Wedding season is almost at its end – for me, at least – and although witnessing so many of my friends swearing eternal loyalty and never ending love to each other over the course of this summer has brought tears of joy to my eyes (especially when seeing my best and oldest friend in the world in her gorgeous wedding dress), it’s also hit me pretty hard. No, not financially, dears; on a psychological and emotional level, since it’s made me rethink and re-evaluate an entire vision on love and romantic relationships.
Now, we often mistake love for something else – infatuation, crazy attraction, insane desire, even pure and sheer loneliness and the need to feel a warm body (just about any! warm body) next to us during those cold nights – anything else except for love. But if you are not able to be the other person’s everything – their lover, their best friend, their partner through thick and thin, their lighthouse in the fog and their rock in the storm, then don’t you dare call it love. We like to talk big words, but most of us don’t seem to be capable of walking the walk.
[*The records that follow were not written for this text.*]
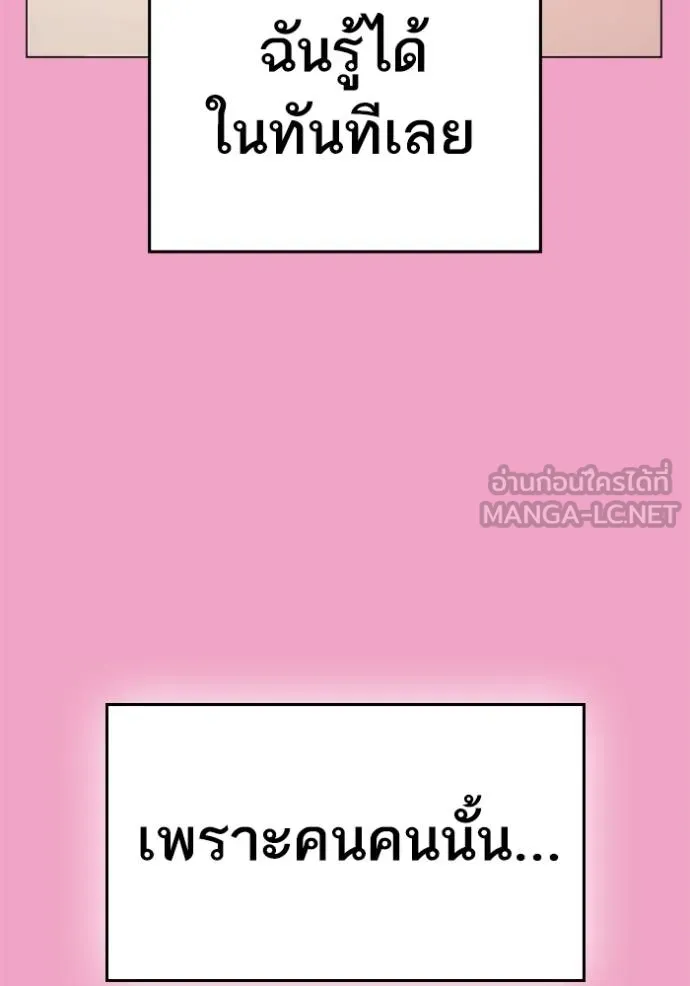 Reality Quest Chap 145 - Next Chap 146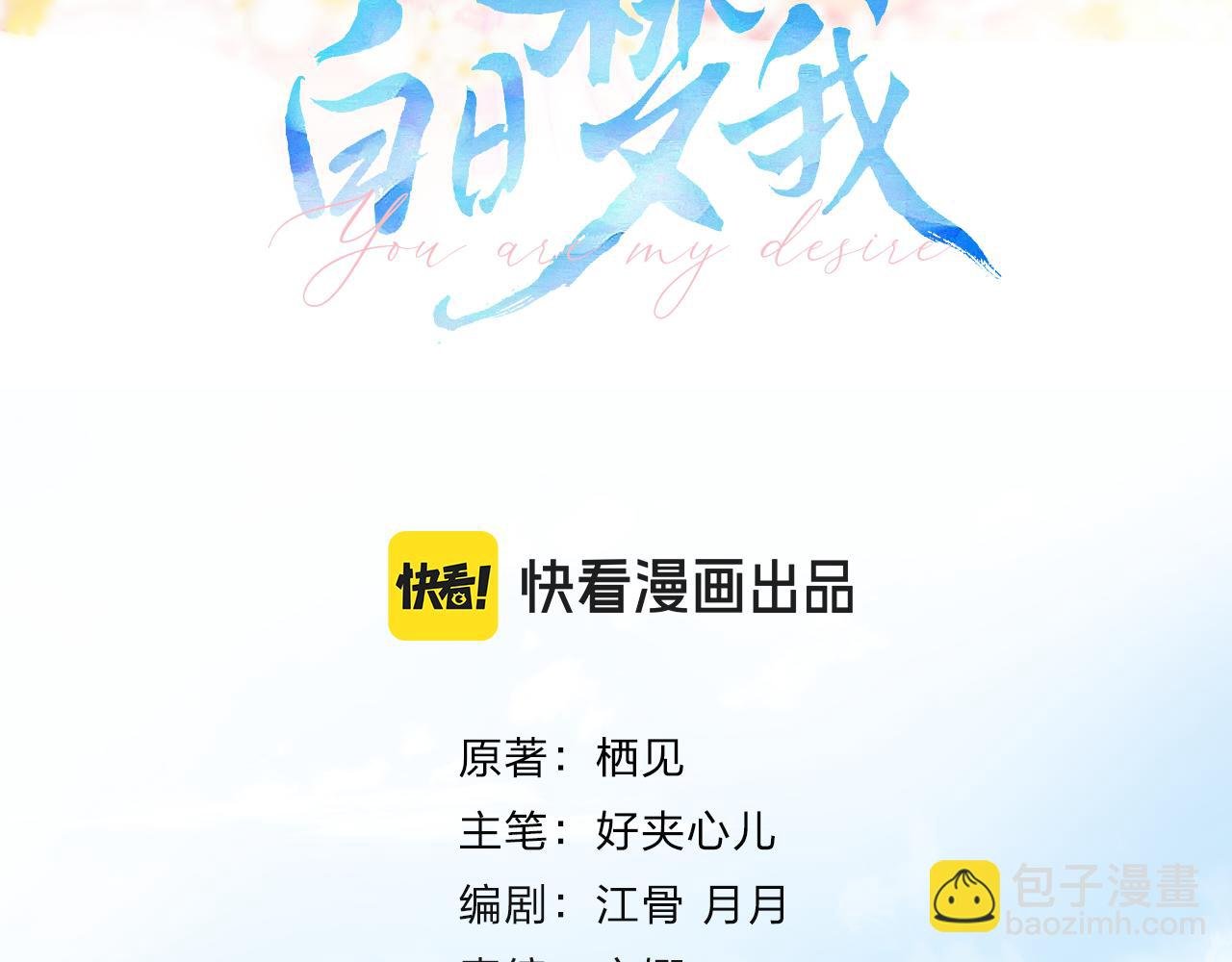 第54话 你帮我戴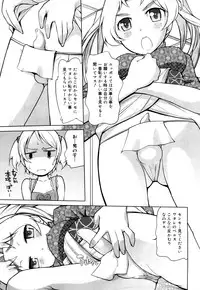 [Touge Hiro] Chotto Dake Mirai Gakuen ni Youkoso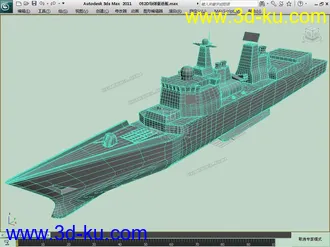 3D打印模型052D导弹驱逐舰的图片
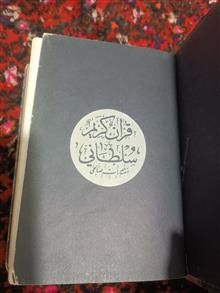 قرآن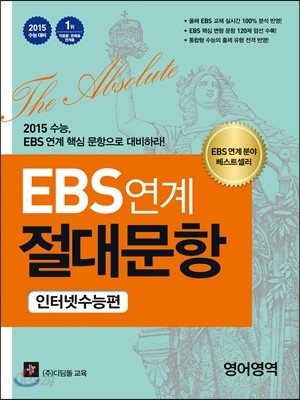 EBS 연계 절대문항 인터넷 수능편 영어영역 (2014년) 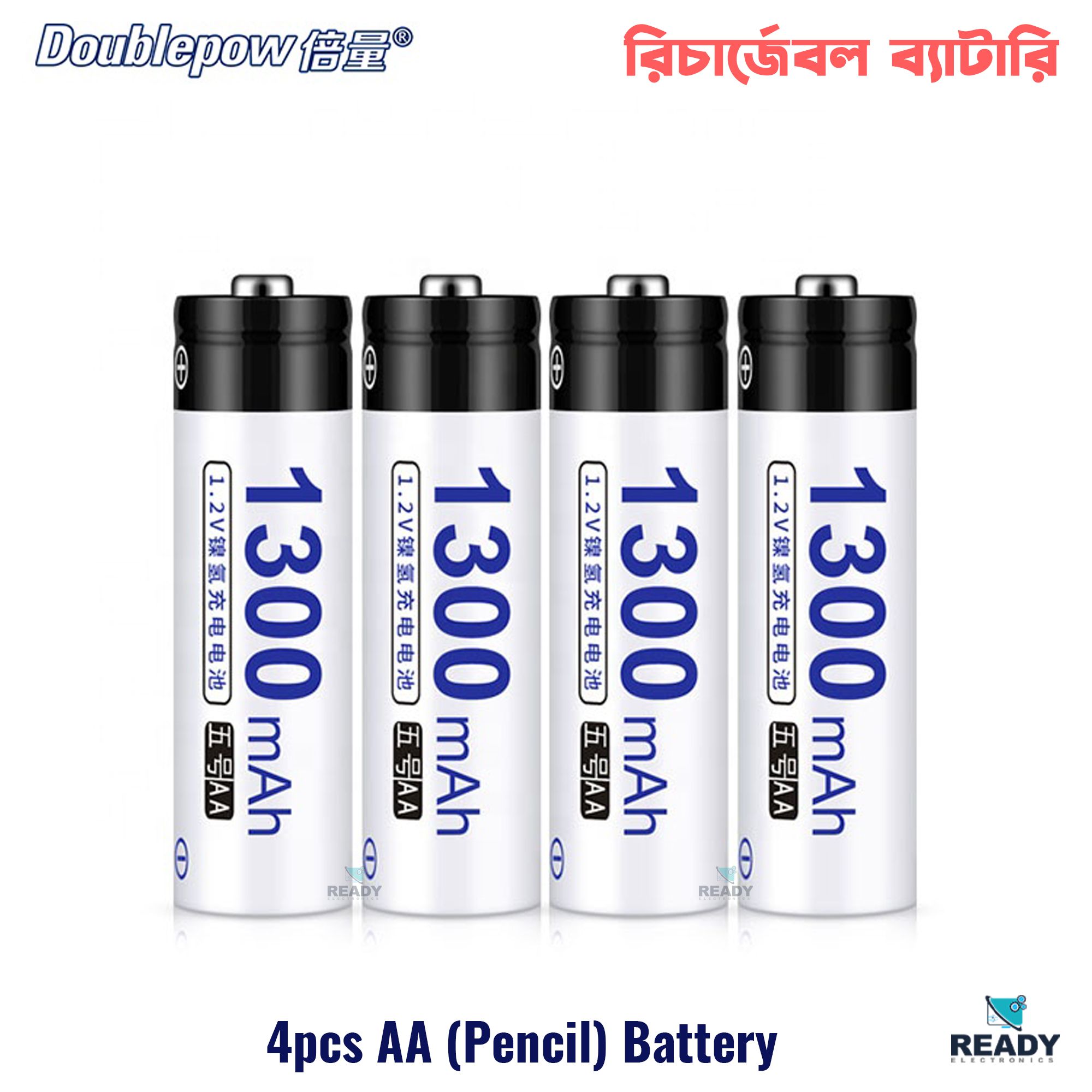 Doublepow 1300mAh Ni-MH 1.2v AA Rechargeable Battery- 4pcs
Call me an idealist in matters of the heart, an absolutist if you will. I won’t walk into a relationship without those coveted butterflies in my stomach, I just won’t have it. But those poor butterflies are just as absolute in their worthlessness if they’re left alone to fend for themselves against the traps and dangers of this world. Devotion, the desire to share everything with the one you love, from the most miserable lows to the most exhilarating highs, wanting to help the other grow as an individual while also being in a couple, the desire to build something together.
What do I want from my life from now on? It’s been pointed that I probably want just what everybody else does: marriage, kids, a house with a white picket fence. Maybe so, but not necessarily in such traditional forms. The way I see it, marriage should most importantly be a marriage of souls; a signed piece of paper without the necessary intangible ingredients is no guarantee of a lasting relationship in the form of a marriage. The white picket fence? I think I’ll pass on the fences. I’m the kind of person who needs a certain sense of stability, but if I feel boxed in I will flee, that you can be sure of. So no white picket fences for me, please. More like the view of a seemingly endless vineyard and the desire to keep travelling the world even when hitting 70.
I may want a lot, but certainly not the impossible. I may be torn, but I’m certainly not confused.